>>>

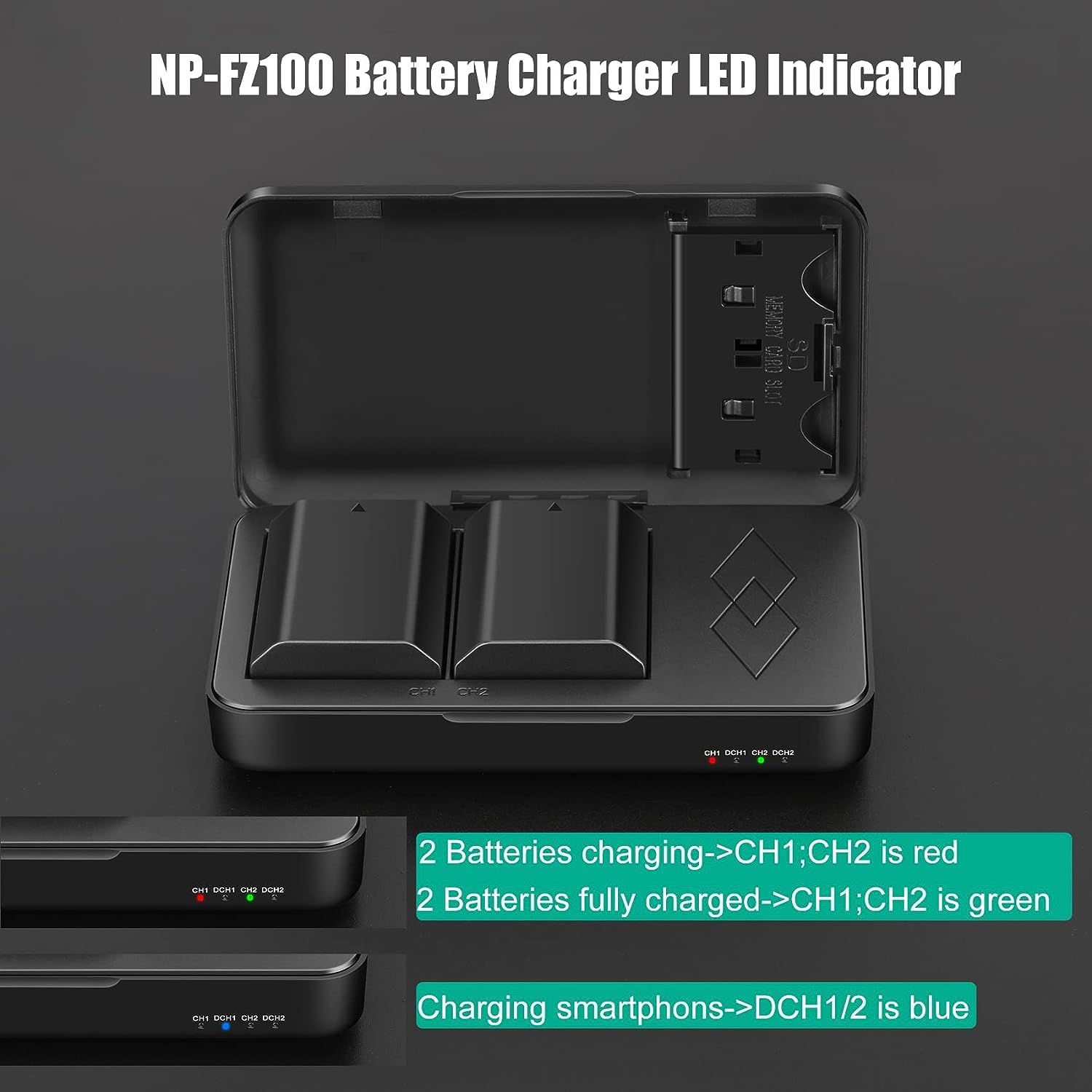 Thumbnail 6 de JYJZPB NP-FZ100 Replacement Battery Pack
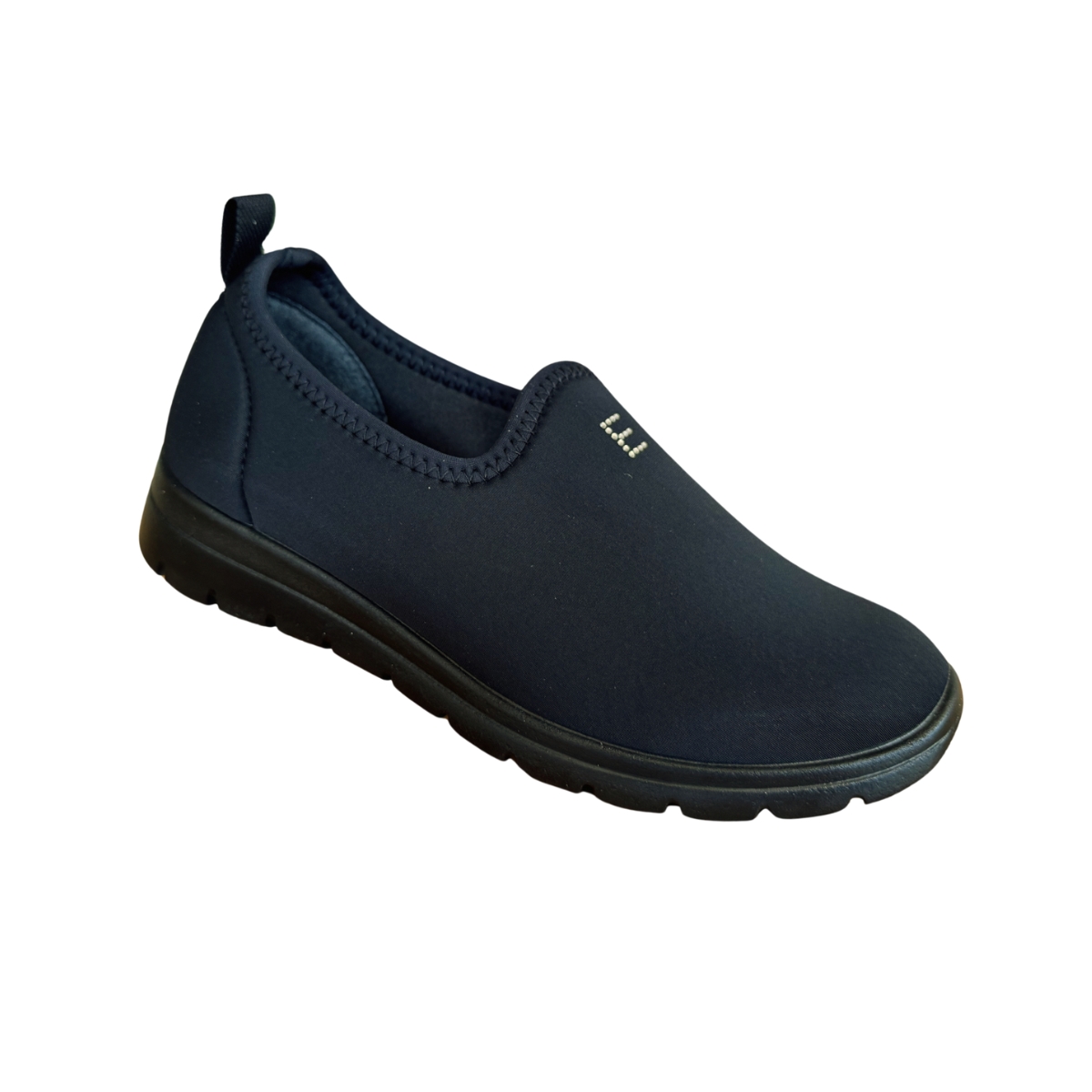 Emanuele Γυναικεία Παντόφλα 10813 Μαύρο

<<<
>>>

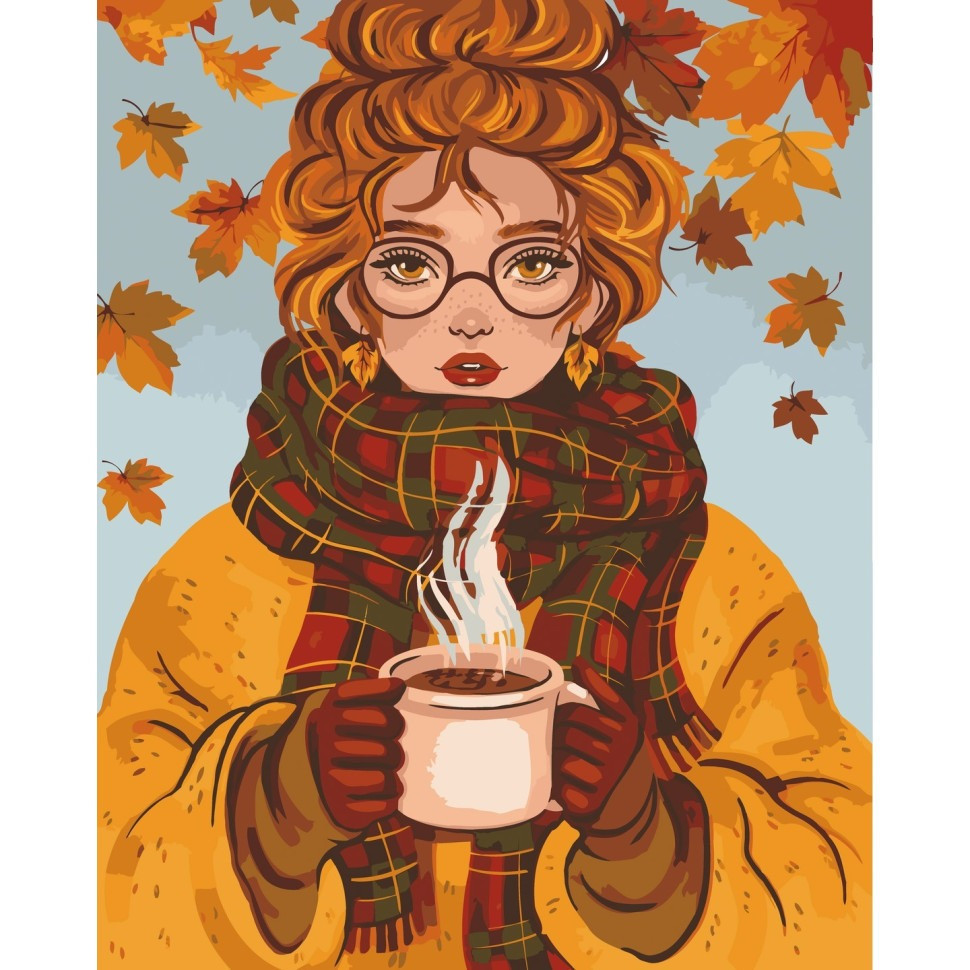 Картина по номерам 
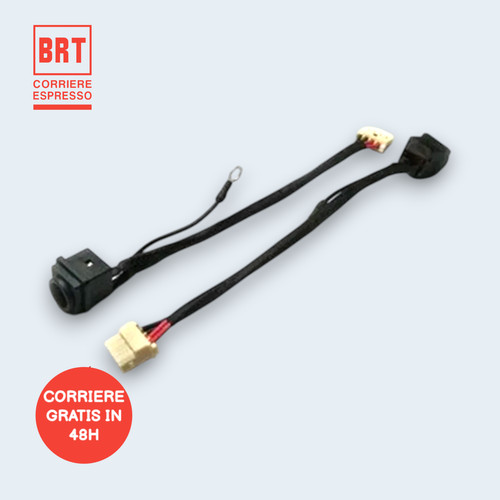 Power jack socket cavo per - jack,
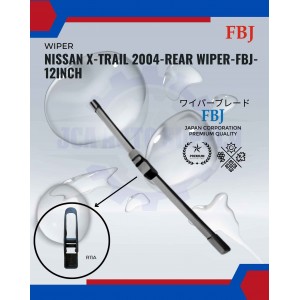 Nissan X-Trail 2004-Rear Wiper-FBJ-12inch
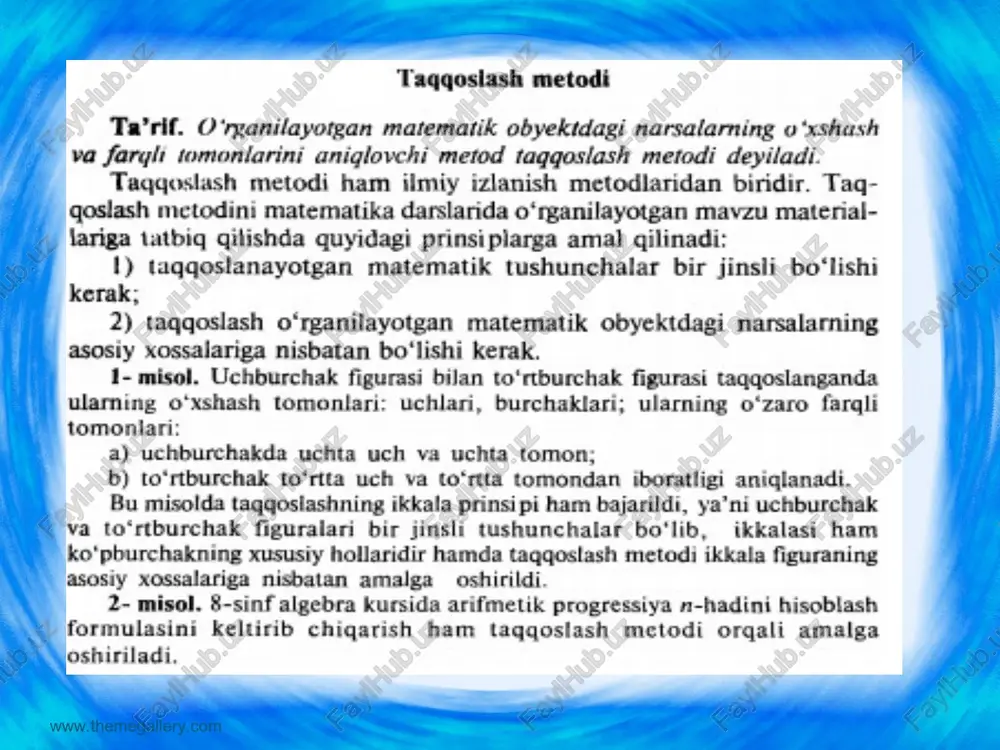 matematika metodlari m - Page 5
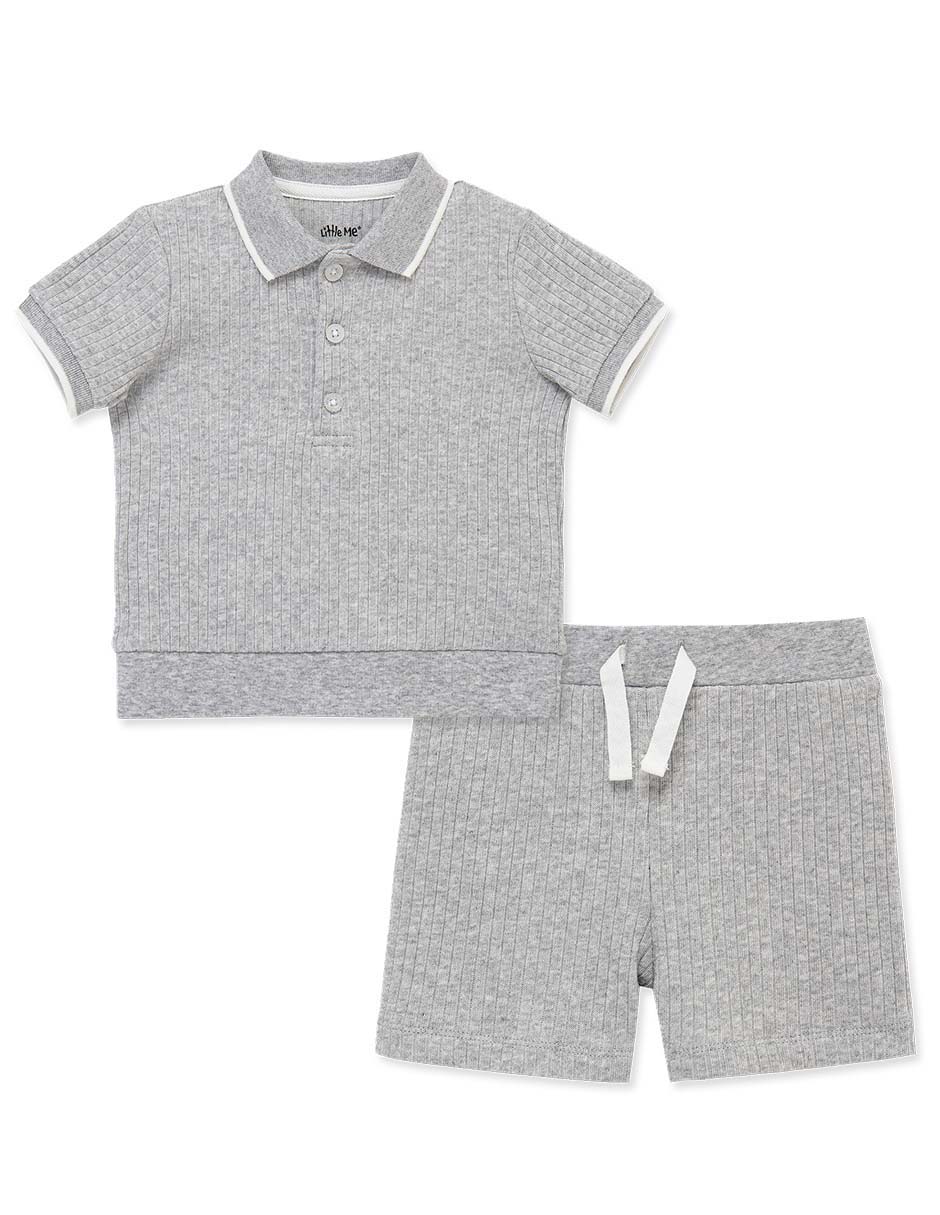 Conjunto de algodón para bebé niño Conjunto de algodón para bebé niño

<<<

WHAT IS EXPECTED: Reproduce exactly the lines above that run from the one with "Thumbnail 6 de" to the one with "Emanuele Γυναικεία Παντόφλα 10813 Μαύρο", both included, leaving pictures out.

RESULT OF THE EXERCISE:
 Thumbnail 6 de JYJZPB NP-FZ100 Replacement Battery Pack
 Emanuele Γυναικεία Παντόφλα 10813 Μαύρο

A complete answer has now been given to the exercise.